I am interested in concentration inequalities for the maximum of the rescaled/normalized sum of iid random variables.

Let $X_1,..., X_n$ be i.i.d random variables, $S_n$ their centered sum and $M_n$ the maximum of the partial sums: $$ S_n = \sum_{k=1}^{n}{(X_k - \mu)} \ , \quad M_n = \max_{1 \leq k \leq n}{S_k}$$ In this case, we can easily derive concentration inequalities on $M_n$ using the fact that $S_n$ is a martingale and applying Azuma-Hoeffding's inequality (I don't know whether there are better techniques, if they are, please tell me).

Now, my question is how to derive concentration inequalities for the maximum of the rescaled or normalized sums: $$\max_{1 \leq k \leq n}{\frac{S_k}{k}} = \max_{1 \leq k \leq n}{\hat{\mu}_k-\mu}, \quad \max_{1 \leq k \leq n}{\frac{S_k}{\sqrt{k}}} \quad \text{or more generally} \quad \max_{1 \leq k \leq n}{\frac{S_k}{f(k)}}$$ The problem is we don't have martingales anymore.

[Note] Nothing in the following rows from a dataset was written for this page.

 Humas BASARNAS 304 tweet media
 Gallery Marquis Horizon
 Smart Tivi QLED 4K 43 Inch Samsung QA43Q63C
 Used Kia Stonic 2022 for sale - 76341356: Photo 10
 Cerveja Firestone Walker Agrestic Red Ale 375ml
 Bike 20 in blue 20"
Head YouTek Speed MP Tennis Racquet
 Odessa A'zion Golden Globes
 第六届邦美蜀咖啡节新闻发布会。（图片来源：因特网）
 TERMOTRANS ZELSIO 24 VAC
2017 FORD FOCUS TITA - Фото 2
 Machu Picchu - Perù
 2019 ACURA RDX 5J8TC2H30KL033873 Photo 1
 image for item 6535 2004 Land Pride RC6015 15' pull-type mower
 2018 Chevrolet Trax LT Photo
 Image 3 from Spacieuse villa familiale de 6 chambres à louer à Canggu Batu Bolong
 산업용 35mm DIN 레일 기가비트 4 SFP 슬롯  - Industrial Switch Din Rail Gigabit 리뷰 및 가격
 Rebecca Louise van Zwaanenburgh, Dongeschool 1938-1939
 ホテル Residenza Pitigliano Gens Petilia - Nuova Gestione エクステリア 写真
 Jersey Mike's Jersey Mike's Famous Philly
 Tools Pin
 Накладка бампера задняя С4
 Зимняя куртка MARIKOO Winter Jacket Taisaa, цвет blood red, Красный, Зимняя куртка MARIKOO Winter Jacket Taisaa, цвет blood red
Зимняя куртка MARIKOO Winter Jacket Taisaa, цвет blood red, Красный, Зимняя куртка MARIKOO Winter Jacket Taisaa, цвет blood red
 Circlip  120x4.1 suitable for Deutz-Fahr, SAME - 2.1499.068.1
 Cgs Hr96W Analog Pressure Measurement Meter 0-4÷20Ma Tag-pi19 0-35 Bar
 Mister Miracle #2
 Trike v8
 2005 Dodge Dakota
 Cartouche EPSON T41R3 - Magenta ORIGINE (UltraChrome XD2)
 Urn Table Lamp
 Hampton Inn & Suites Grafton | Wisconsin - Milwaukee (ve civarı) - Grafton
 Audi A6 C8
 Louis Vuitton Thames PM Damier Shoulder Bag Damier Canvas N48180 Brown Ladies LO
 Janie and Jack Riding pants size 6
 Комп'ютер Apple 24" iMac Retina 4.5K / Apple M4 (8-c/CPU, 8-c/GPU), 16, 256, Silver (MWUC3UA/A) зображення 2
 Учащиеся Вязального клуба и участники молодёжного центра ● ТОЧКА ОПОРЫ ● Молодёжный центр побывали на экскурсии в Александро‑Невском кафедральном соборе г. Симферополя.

Of course, it is always possible to derive bounds by summing concentration bounds for each different value of $k$: $$\mathbb{P}(\max_{1 \leq k \leq n}{\hat{\mu}_k-\mu} \geq \varepsilon) \leq \sum_{k=1}^{n}{\mathbb{P}(\hat{\mu}_k-\mu \geq \varepsilon)}$$ but I'm looking for smarter things. In my community (statistics/machine learning, so no pure probabilists), the best technique used is "peeling": decomposing not for all values of $k$ but in slices of exponential length. But since the question is quite natural (at least it looks quite natural to me), I'm sure it must already have been studied. So I'm looking for any results or techniques that could be used to answer my question.

PS : You're free to assume whatever you need on $X_k$, like existence of moments, of the moment generating function, boundedness...

PS2 : I'm looking for finite-time results, not purely asymptotic ones like the Hartman-Wintner theorem/law of the iterated logarithm.